Op die avond werd het bekende stuk van Thomasvaar en Pieternel opgevoerd, alleen tijdens de wisseling van het oude naar het nieuwe jaar, vond dit toneel stuk plaats, op het toneel waren stoelen tafels en geplaatst, waarop een rijk uitgestalde maaltijd te bewonderen was, tijdens het toneelspel nuttigde alle spelers zich aan deze grandioos verzorgde maaltijd, en werd het Oranjeboom bier rijkelijk door mijn vader getapt, en genoot hij natuurlijk ook van al deze heerlijkheden.
Een paar keer heeft mijn vader dit mogen doen, wand het ging bij toerbeurt, zodat de andere personeels leden van het Agentschap dit ook konden beleven,
Ondanks dat mijn vader graag thuis was, heeft hij dit als een uitje mogen beleven.

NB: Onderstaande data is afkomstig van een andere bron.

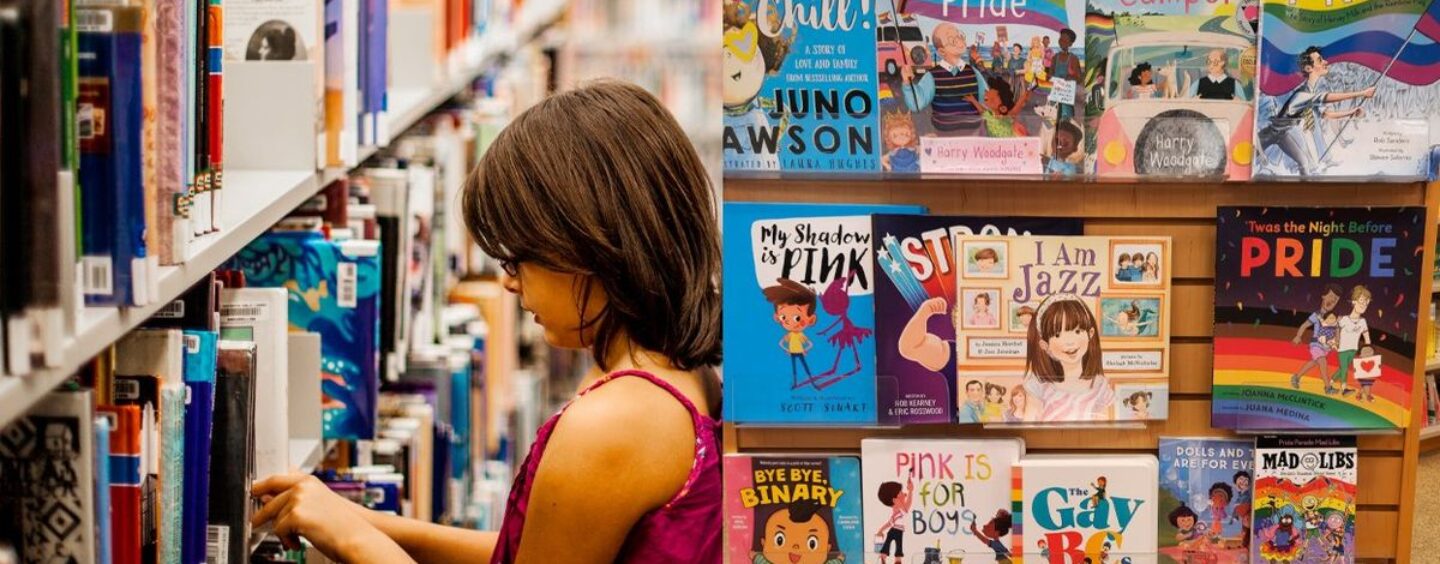 La bibliothèque du Kansas supprime les livres LGBTQ+ afin de conserver leur bail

Later begrepen wij nadat het Agentschap was overgenomen, diverse mensen van betrekking zijn veranderd, en heeft ook mijn vader ontslag genomen, en dat na 17 jaar werken, ander bazen andere eisen. Maar heeft mijn vader het in het oude agentschap het best naar zijn zin gehad
Mijn vader zit geheel links, bovenop een krat bier, met zijn collega`s, achter de paarden, de hoofdingang, links een groot raam, daar was het kantoor van het Agentschap van de Oranjeboom.
Dank voor het lezen van dit verhaal, van een veteraan, Fred van der Kleij, uit Groningen.